Does the United States dominate when it comes to water and air quality? Let’s take a look.
The Environmental Performance Index is the go-to source for questions on environmental quality. Yale and Columbia University researchers teamed up with the World Economic Forum in 2018 to compile the data.
Using 10 categories, they ranked the United States 27th. On air it ranks 10th and on water, 29th. Among wealthy democracies, the United States ranks toward the bottom, according to Zachary Wendling, principal investigator at the Environmental Performance Index.
Switzerland ranked first on the overall index, Barbados ranked first on air quality, and eight European countries tied for first on water. European countries, Canada, Australia, New Zealand, Taiwan and Japan tend to top the United States in environmental performance.
The air quality ranking is broken up into three parts. On indoor air quality, the United States ranks first. We don’t cook by burning biomass, so that isn’t surprising, Jeffrey Geddes, a Boston University professor who studies air quality, told us.
The United States ranks 88th on exposure to particulate matter, which Geddes called "a really good indicator for health effects from air pollution."
The scientists used satellites and ground-based measurements to collect the data for 228 countries and territories dating from 2008 to 2015. That predates Trump. In general, however, changes between 2018 scores and the baseline (roughly 10 years earlier) are mixed and small, Wendling said.
The Environmental Protection Agency’s own research shows a continued decline in air pollutants from 1990. But experts said Trump’s deregulatory practices may have the opposite effect.
"Deregulation of automobile emissions standards will increase air pollution, particularly in dense urban areas," said Elizabeth Albright, an environmental science professor at Duke University.
The United States ranks 29th overall in water quality. In drinking water, it ranks first (alongside nine other countries) and in sanitation, 31st.

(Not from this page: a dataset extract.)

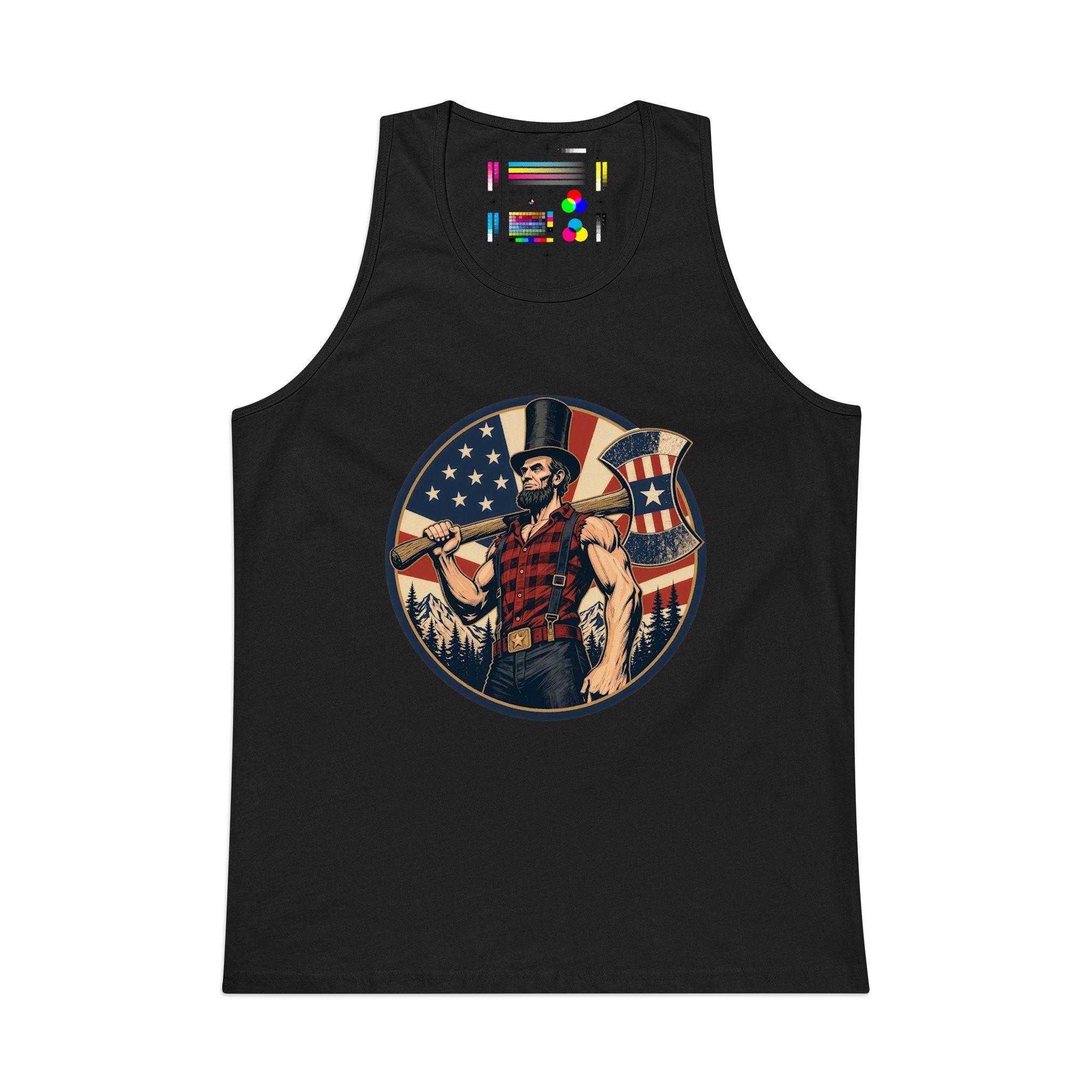Lumberjack Abe Tank Top | Patriotic Graphic Tank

"For both drinking water and sanitation, the United States is performing okay in absolute terms, with about 3.3 disability-adjusted life-years lost per 100,000 people from risks due to unsafe drinking water, as compared to 6.4 for unsafe sanitation," Wendling said.

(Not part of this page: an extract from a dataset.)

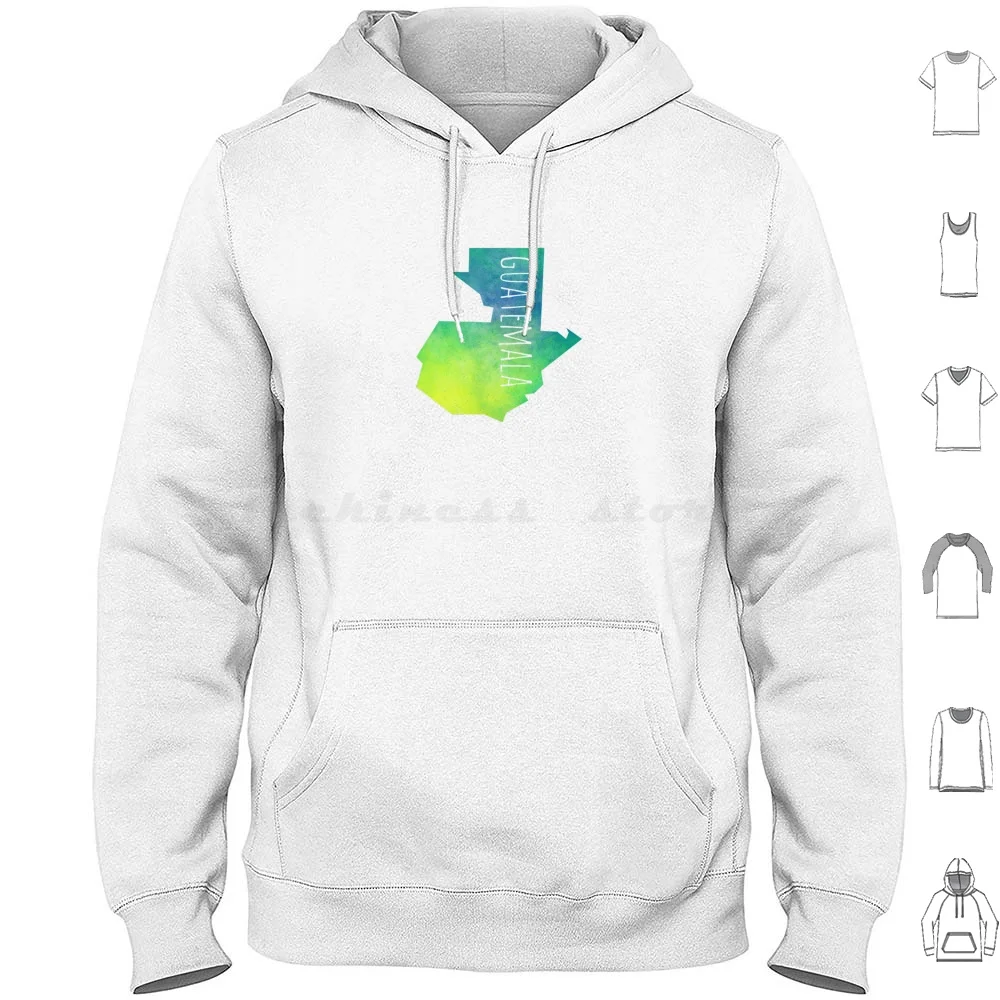 Guatemala Hoodies Long Sleeve Guatemala Colour Map To Travel Watercolor Abstract Geometric Modern Stylized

Wendling said the lower sanitation ranking might be explained by rural populations that rely on septic tanks, but there is enough uncertainty in the data that estimates for high-income countries should be treated with caution.
Experts said the United States still had a long ways to go before being ranked cleanest.
"Any idea we have the freshest water is entirely laughable," said Ashok Gadgil, an environmental engineering professor at Berkeley University.
"The U.S. does a very good job of producing relatively clean drinking water at very low cost, but we fall far short on our investments in water infrastructure investments—that was the case in Flint, and it also is the case in thousands of other water systems around the country," said Marc Edwards, a Virginia Tech environmental and water resources engineer. "Some people could argue it is clean enough for the price, but we are not the cleanest."
In 2016, 5,363 water systems serving 17.6 million people violated EPA's lead and copper rule, according to the Natural Resources Defense Council, an environmentalist non-profit group.
The White House did not respond our request for comment.
Trump said, "I want clean air. I want crystal clean water. And we’ve got it. We’ve got the cleanest country in the planet right now."
No ranking places the United States at the top of their list for cleanliness.
The United States has ample room to improve on air quality when it comes to other developed democracies. While some cities’ water systems violate domestic environmental standards, the United States overall ties for best when it comes to drinking water.
We rate this statement Mostly False.